To describe the Z-rod technique, a geometry-independent pedicle screw removal method, and to evaluate its clinical feasibility, safety, and effectiveness. A retrospective, single-center study was conducted involving patients who underwent revision spinal surgery between 2020 and 2025. Patients in whom conventional screwdrivers failed to remove pedicle screws and who subsequently underwent removal using the Z-rod technique were included. The technique involves bending a standard spinal rod into a Z shape, rigidly fixing it to the tulip head with the existing set screw, and applying controlled rotational torque through a long lever arm. Demographic data, surgical indications, technical success, and complications were evaluated. A total of 83 pedicle screws in 24 patients (mean age: 42.1±16.7 years) were successfully removed using the Z-rod technique after failure of standard driver systems.

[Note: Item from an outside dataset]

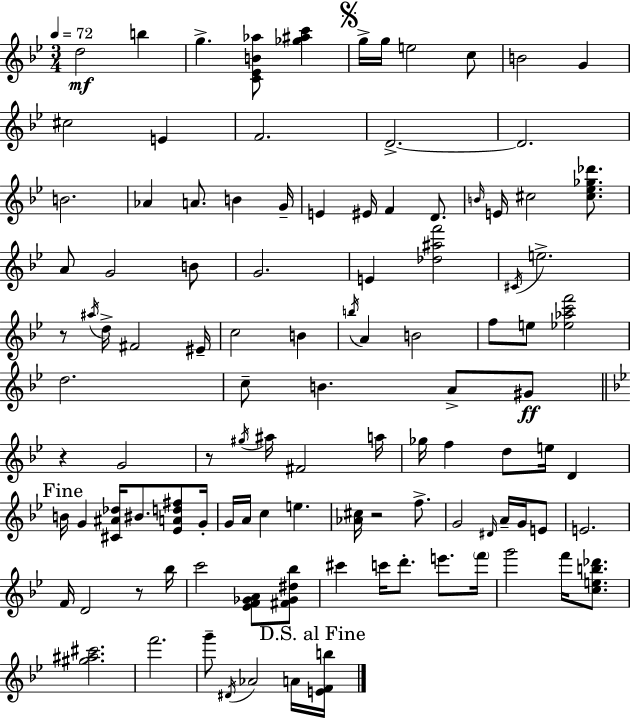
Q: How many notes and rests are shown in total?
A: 108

Adequate mechanical stability and controlled torque transmission were achieved in all cases. No implant fractures, neurological deficits, vascular injuries, or additional bone and soft tissue injuries were observed. The technique was successfully applied across different implant manufacturers and screw-head geometries without requiring dedicated extraction systems.
The Z-rod technique is a simple, universal, and cost-effective method for pedicle screw removal that eliminates dependence on screw-head geometry and manufacturer-specific instrumentation. It may represent a practical alternative in revision spinal surgery when conventional removal methods fail.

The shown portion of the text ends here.